Retype all of the data word for word, without pictures.

> [DATA RECORDS]:
+++++
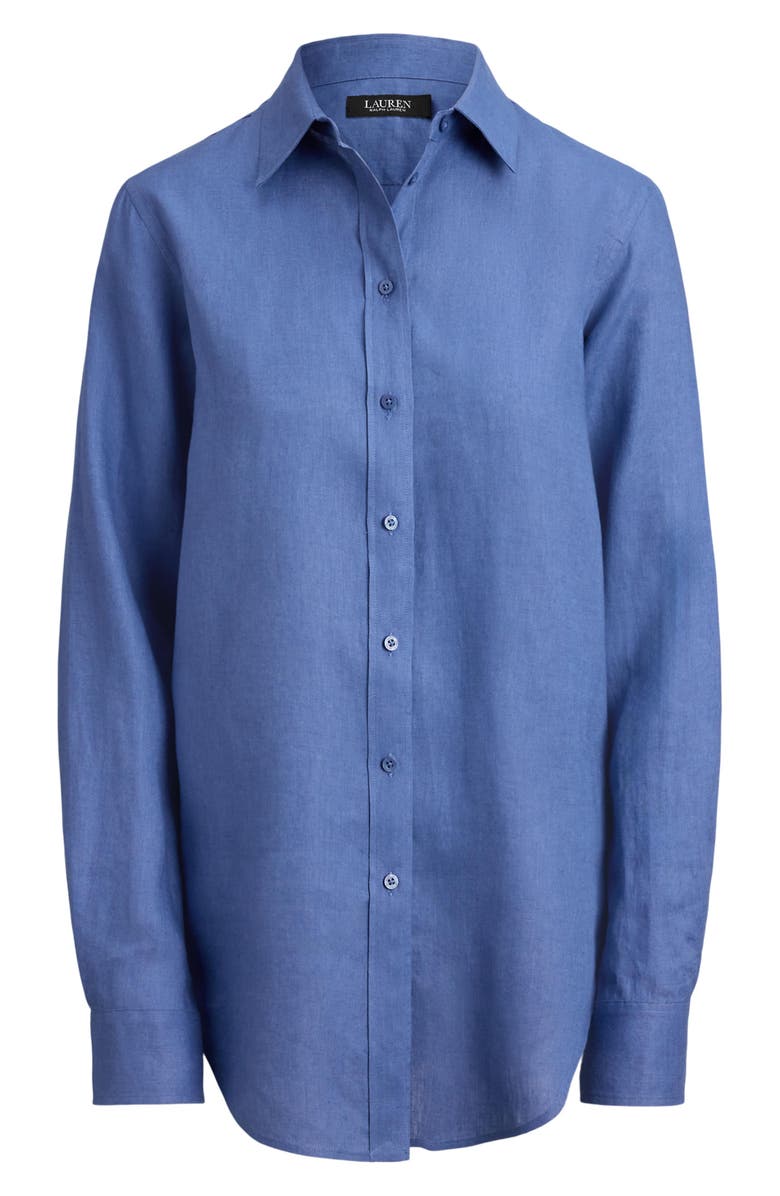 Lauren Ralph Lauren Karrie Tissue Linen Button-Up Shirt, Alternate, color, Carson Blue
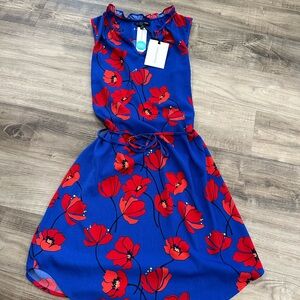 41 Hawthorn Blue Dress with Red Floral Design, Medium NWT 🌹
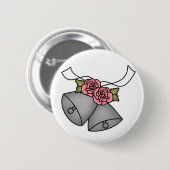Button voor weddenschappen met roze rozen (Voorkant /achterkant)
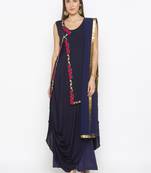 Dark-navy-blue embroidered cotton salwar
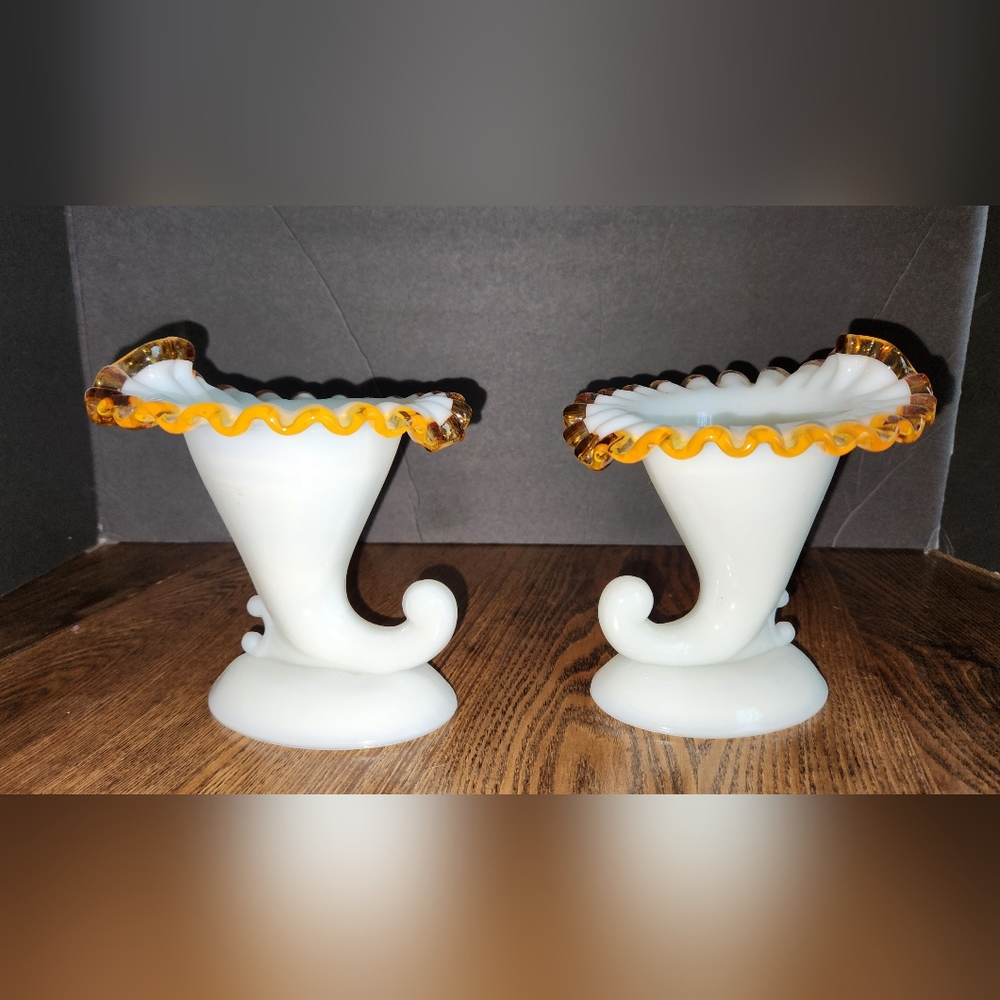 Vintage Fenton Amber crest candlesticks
+++++
> [YOUR SOLUTION]:
 Lauren Ralph Lauren Karrie Tissue Linen Button-Up Shirt, Alternate, color, Carson Blue
 41 Hawthorn Blue Dress with Red Floral Design, Medium NWT 🌹
Button voor weddenschappen met roze rozen (Voorkant /achterkant)
 Dark-navy-blue embroidered cotton salwar
 Vintage Fenton Amber crest candlesticks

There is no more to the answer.